Fuels

FTC Launches Gasoline-Price Investigation

Marks first use of new authority that makes it a crime to manipulate wholesale oil markets

WASHINGTON -- The Federal Trade Commission (FTC) said that it would begin an investigation to determine whether rising retail gasoline prices are the result of market manipulation or other anticompetitive behavior, according to U.S. Senator Maria Cantwell (D-Wash.).

This marks the FTC's first use of new authority authored by Cantwell, which makes it a crime to manipulate wholesale oil markets. FTC Chairman Jon Leibowitz announced the investigation in a letter and phone call to Cantwell yesterday, saying that the Commission has authorized the use of "compulsory process," [image-nocss] including subpoenas, to determine whether certain players are in violation of a the law.

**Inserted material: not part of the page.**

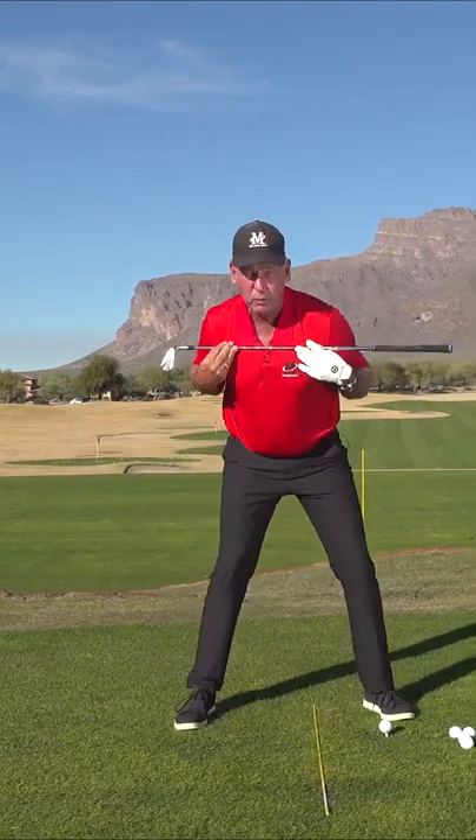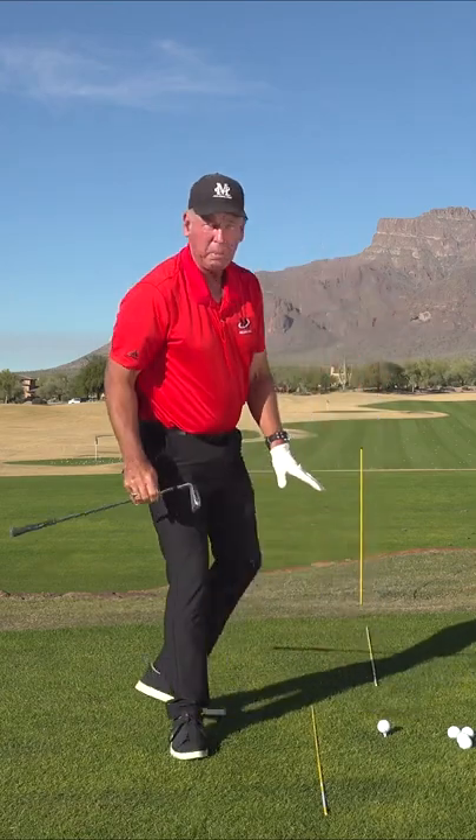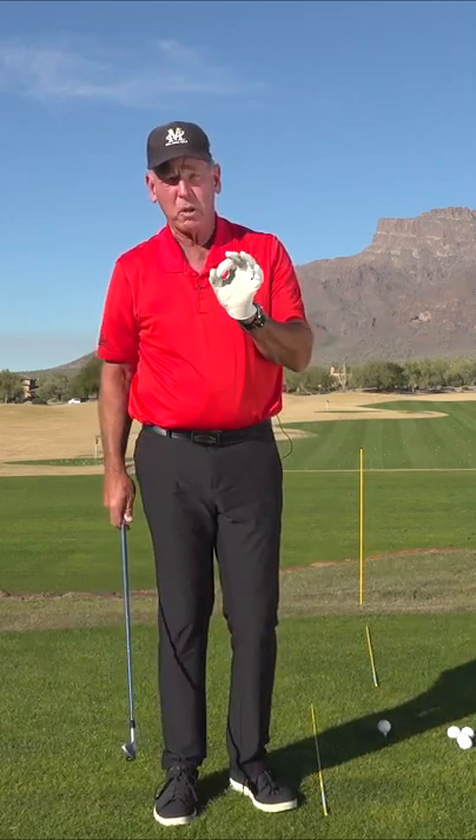Then do something for rotation in your body to loosen you up, because when you step up to that first ball — even if it's just a little pitch shot — you want to be loose and ready to go. Don't use hitting balls as a way to loosen up.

Cantwell first demanded an investigation three months ago in a bipartisan letter sent to the FTC urging the regulatory body to use the authority she granted it to actively police the markets and ensure consumers are paying fair and market-based prices at the pump.

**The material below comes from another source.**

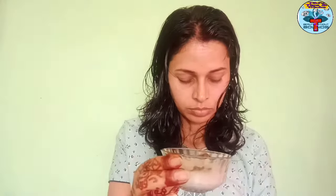For the next step, I have taken my regular shampoo. Apply the same amount of shampoo as you normally use. I am mixing it well and applying it with my hand. Let's apply the shampoo well.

"Americans deserve to know what's really behind the rapid increase in gas prices burdening families and businesses," Cantwell said Monday. "Bad actors who are artificially driving up gas prices ought to be brought to justice and face stiff punishment. I am pleased the FTC is using this new authority to protect consumers. The American public deserves to have aggressive policing of these markets and for the FTC to enforce these new laws."

In November 2009, the FTC's final Petroleum Market Manipulation Rule (click here) went into effect, which was promulgated in compliance with legislation Cantwell authored in 2005 and shepherded into law in 2007. The legislation sought to prevent manipulation schemes from happening in the oil industry by creating a federal ban on oil market manipulation.

Cantwell's provision empowers the FTC to levy civil penalties of up to $1 million per day. Over the course of the FTC's nearly two-year rulemaking needed to fulfill its congressionally mandated responsibility to prevent manipulation in the oil and petroleum markets, Cantwell pushed the FTC to lay out the strongest rules possible. The final FTC rule essentially adopted all of Cantwell's recommendations, she said.

In the letter sent to the FTC in March, Cantwell urged the FTC to be more proactive and aggressive in enforcing its market manipulation rule, noting the success the Federal Energy Regulatory Commission (FERC) has had in ferreting out bad actors in the electricity and natural gas markets using identical authority she helped author and shepherd into law.

Cantwell has long fought to prevent market manipulation and excessive speculation from artificially driving up the price of oil and prices faced by consumers at the pump. In recent months, she has called on the Commodity Futures Trading Commission (CFTC) to not delay any further in implementing overdue rules on speculative position limits. The 2010 Wall Street Reform bill called for the CFTC to implement speculative position limits in energy markets within 180 days of enactment. The CFTC is more than five months late on its January 2011 deadline to take action, she said.

According to Cantwell, numerous experts have concluded that excessive trading in oil futures is causing oil price volatility unrelated to supply-and-demand fundamentals and contributing to rising gasoline prices.

In recent weeks, CFTC Chairman Gary Gensler said that 80% of the oil futures market is held by speculators.

During last year's financial market reform debate, Cantwell pushed for tough and effective rules and the elimination of loopholes to prevent speculators from manipulating the oil market. She fought to ensure that the bill required the CFTC to enact position limits to diminish, eliminate or prevent excessive speculation that disrupts the market. Mandatory speculative position limits, which the CFTC are in the process of setting now, and strong anti-manipulation tools were main contributors to Cantwell's eventual support of the Wall Street reform law.